(COLLECTED DATA)
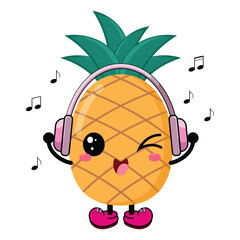Cute And Sweet Pineapple Cartoon Listening To Music Happily Clipart Illustration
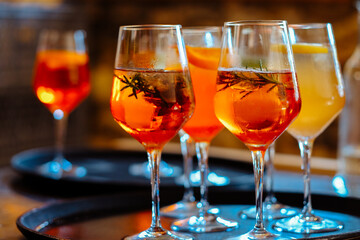 Bright alcoholic summer drink Aperol Spritz.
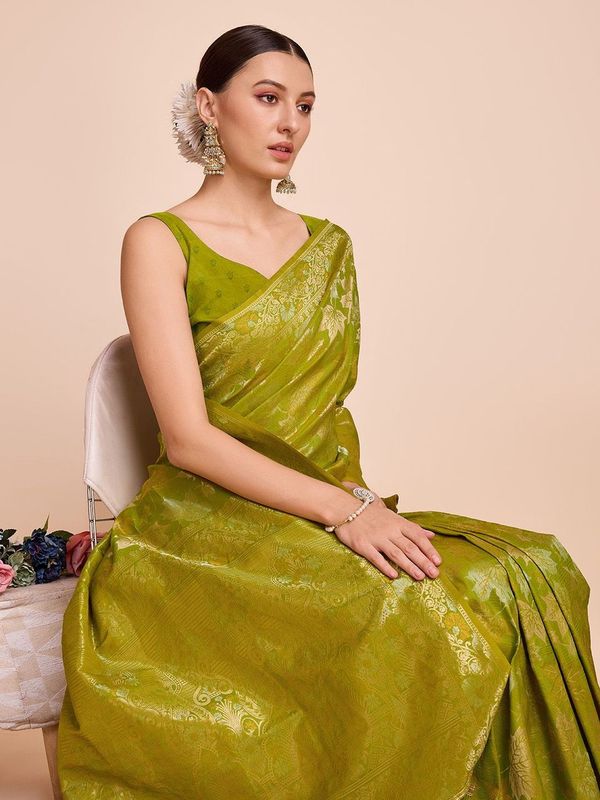 Mahendi Weaving Copper Jari Designer Handloom Silk Saree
(End COLLECTED DATA)
EXERCISE DIRECTIONS: Drop the pictures and give every line above again exactly.

ANSWER TO THIS EXERCISE:
Cute And Sweet Pineapple Cartoon Listening To Music Happily Clipart Illustration
 Bright alcoholic summer drink Aperol Spritz.
 Mahendi Weaving Copper Jari Designer Handloom Silk Saree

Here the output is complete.